Often in the middle of the night there'd be a commotion in
the corridor and a dead resident would be removed from one
of the rooms in our Nissen hut, each room being a ready made
coffin size. A single bed length with a shoulder width standing
space at the side, the huts were probably left over from the
war. There was a locker rather than wardrobe.
I had a small Morris 1000 van then
which I drove around untaxed and uninsured with a mattress
in the back. One night in Malmesbury car park I took some
LSD and climbed into the back to wait the effect. Amazing - it was as if the car park itself was
moving. Hang on - it WAS moving - and fast! I'd left the handbrake
off and had to dive headfirst over the seat to pull it on,
stopping a couple of feet short of the council building railings.
At that time I also had a nose job after
recommendation by a psychiatrist. One of the more unfortunate
aspects of the all boys environment at KHS was that my nose
was the subject of a lot of humour and my nickname was Beaky
Rozycki. I hold no grudges to anyone for that, but my self
esteem then and after took an enormous blow and I became quite
introverted, still am in many ways. In retrospect I can laugh
it off now and the operation was a genuine catharsis. I still
have a big nose but just the act of going under the knife was
enough to change my mind set. I'll never win any beauty contests,
as my last girlfriend pointed out, but I get along a lot better
with this hooter.
Bro and I moved from Swindon to a beautiful little gabled
flat in Cirencester roughly in 1971, dates are blurred as much
else, and while my bro worked nearby, I went on the dole.
After an argument over a girlfriend, bro left and I started
a big slide into petty theft, drugs, sleeping wherever and
with whoever in and around Swindon. There was some weird
stuff then, too much to mention, but strangely all this had
a kind of glamour that appeals to you when relatively young.
On one occasion, asleep in a derelict car
on some waste land in Malmesbury I awoke in the morning to
the smell of burning and saw a bunch of ten year olds had set
fire to the car, throwing stones at me inside. I was out pretty
fast through the window as the doors were jammed and despite
the bricks being thrown. My ex-army trench coat was slightly
singed as the flames hit the residue of the petrol tank and
the car turned into a ball of fire.
At another point, drunk, sick, starving, soaked and shivering
in the rain in the middle of the night I fetched up at the
residence of a vicar in Penhill, Swindon, the council estate
I'd grown up in before my dad died. Why I can't remember, but
probably to beg or scam for money.

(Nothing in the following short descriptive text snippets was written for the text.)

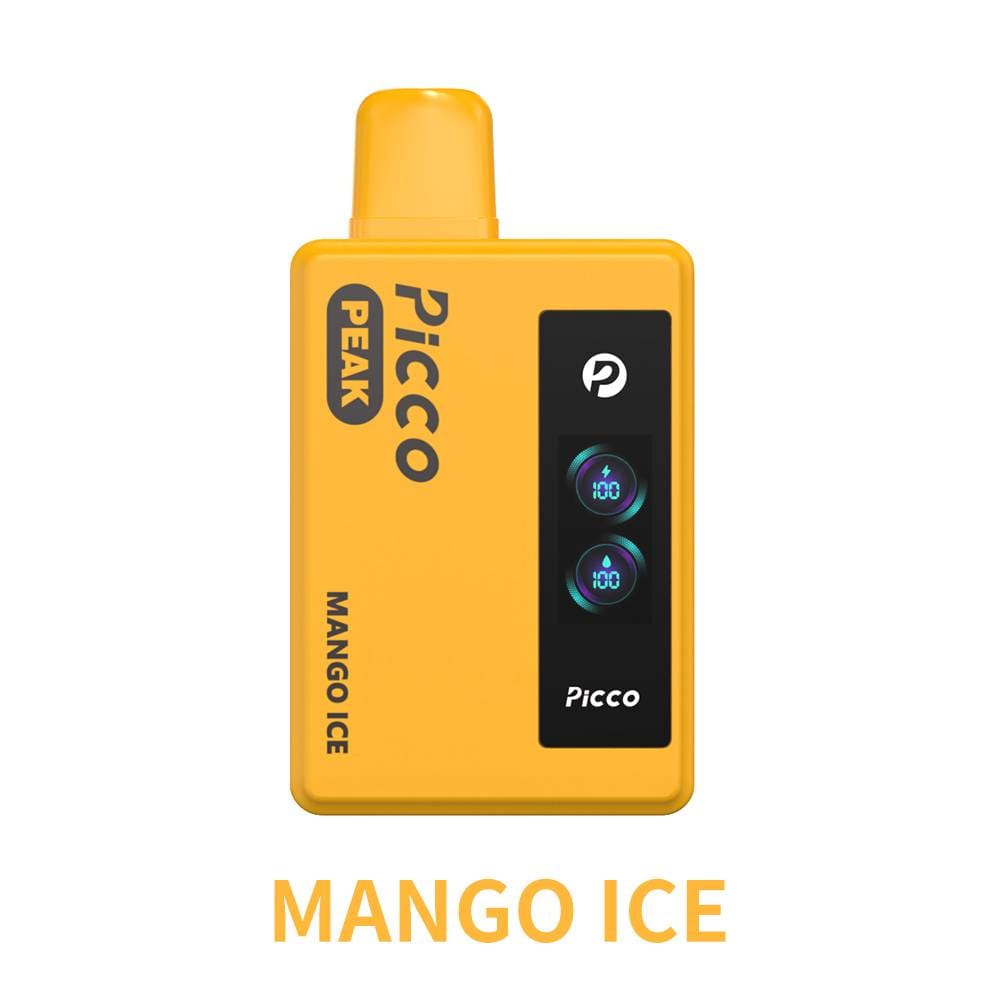 Picco Peak 6000 - Mango Ice Puffs disposable vape Australia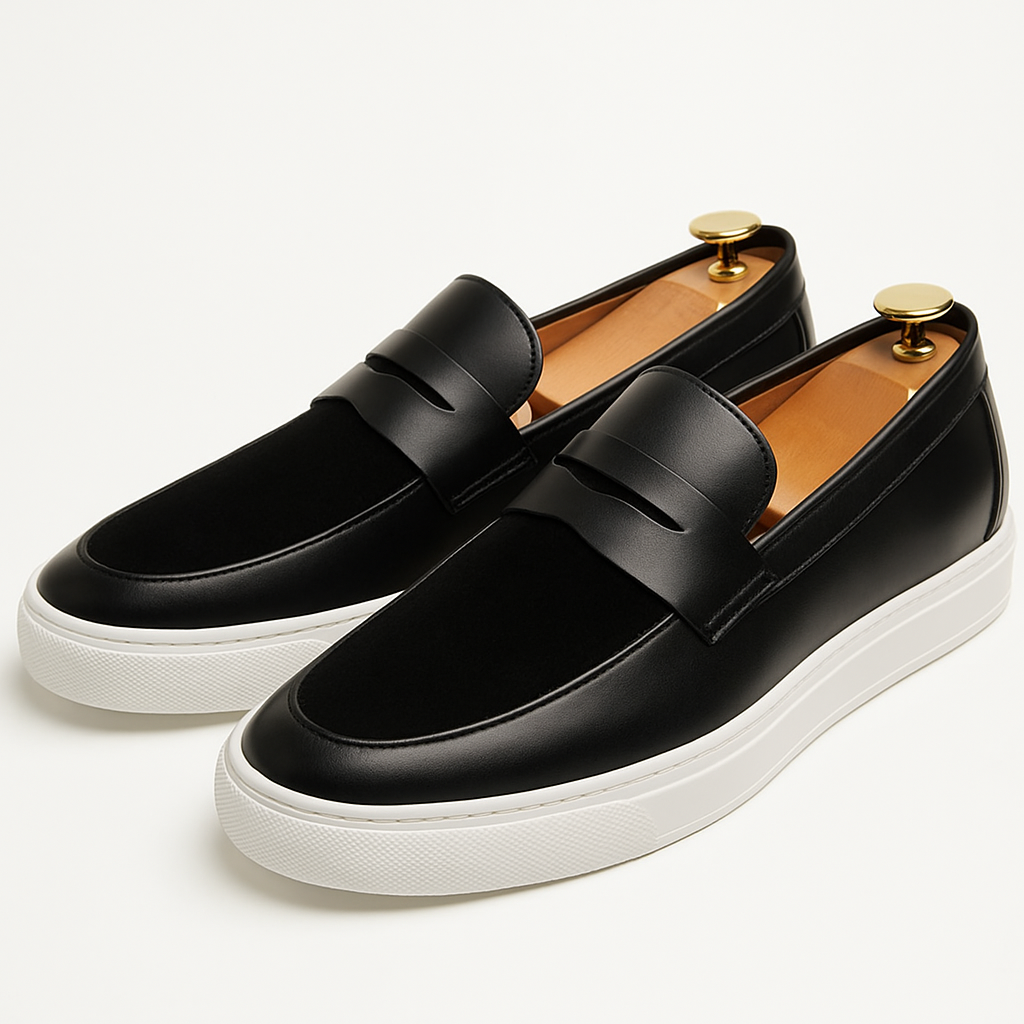 LUXEOUTFIT | Milano Suede Leather Loafers 0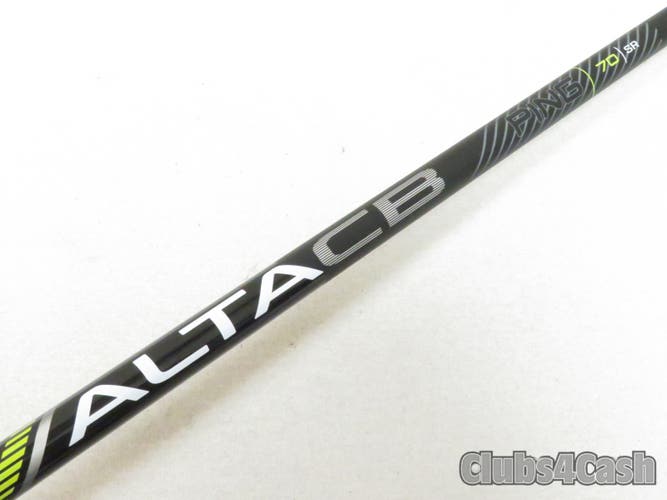 Alta CB 70 Black SR-Flex SENIOR Hybrid 4H Shaft +PING G425 G430 G440 Adapter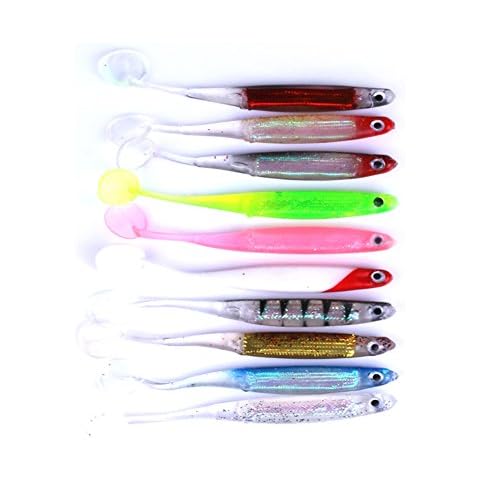 ZHOUBA Soft Worm Fishing Lures Set Cover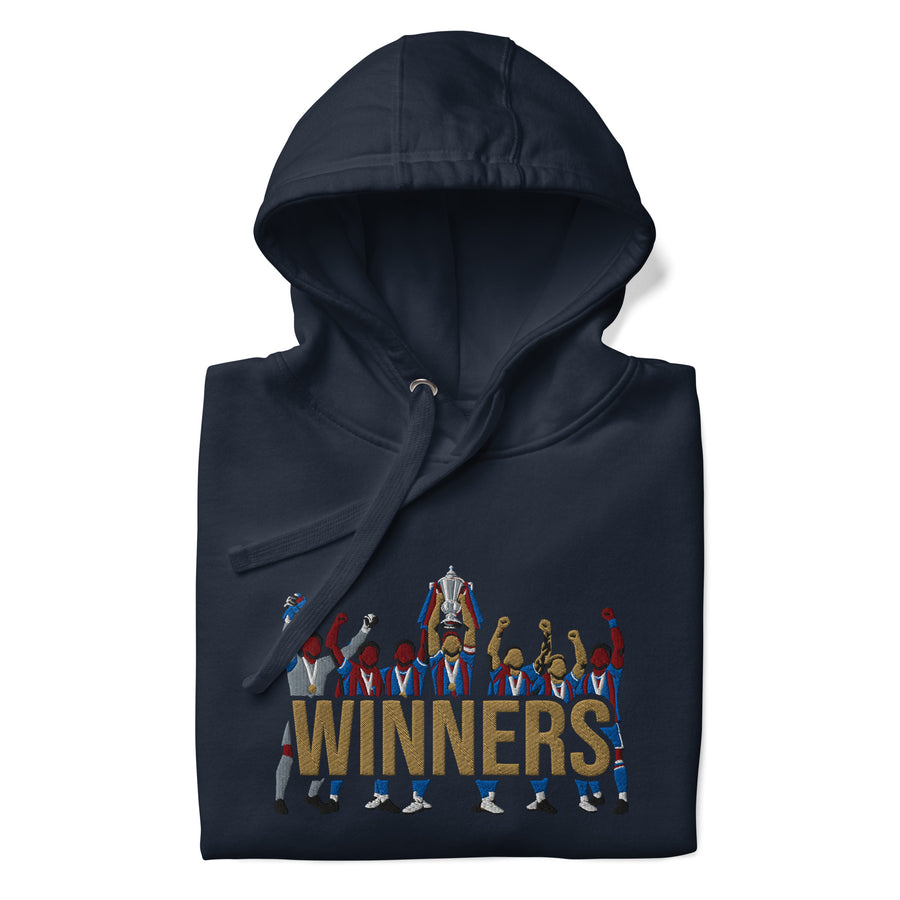 Crystal Palace Inspired FA Cup Champions Embroidered Football Hoodie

He took me in for several
days, keeping me in bed and his wife feeding me back to health.
On the third night I was asked downstairs to his study to
find it lit by dozens of candles like in the altar ritual bit
of a Hammer Dracula movie. He proceeded to tell me I was haunted
and possessed by the ghost of my late dad, and I needed to
be exorcised of his ghost.
Having been through quite a bit I wasn't
actually that freaked out, but probably that night learned
the meaning of the saying "No
such thing as a free lunch" and so I submitted with resignation,
which involved much drama and admission of stacks of guilt
some of which wasn't even mine but hey, it's a life of sorts.
A month later I saw him smiling on TV and noted he'd become
a bit of a celeb, doing a good line in council house exorcisms.
Well why shouldn't he I suppose, it kept the bread on the table
and anyway I was no saint to criticise him for it.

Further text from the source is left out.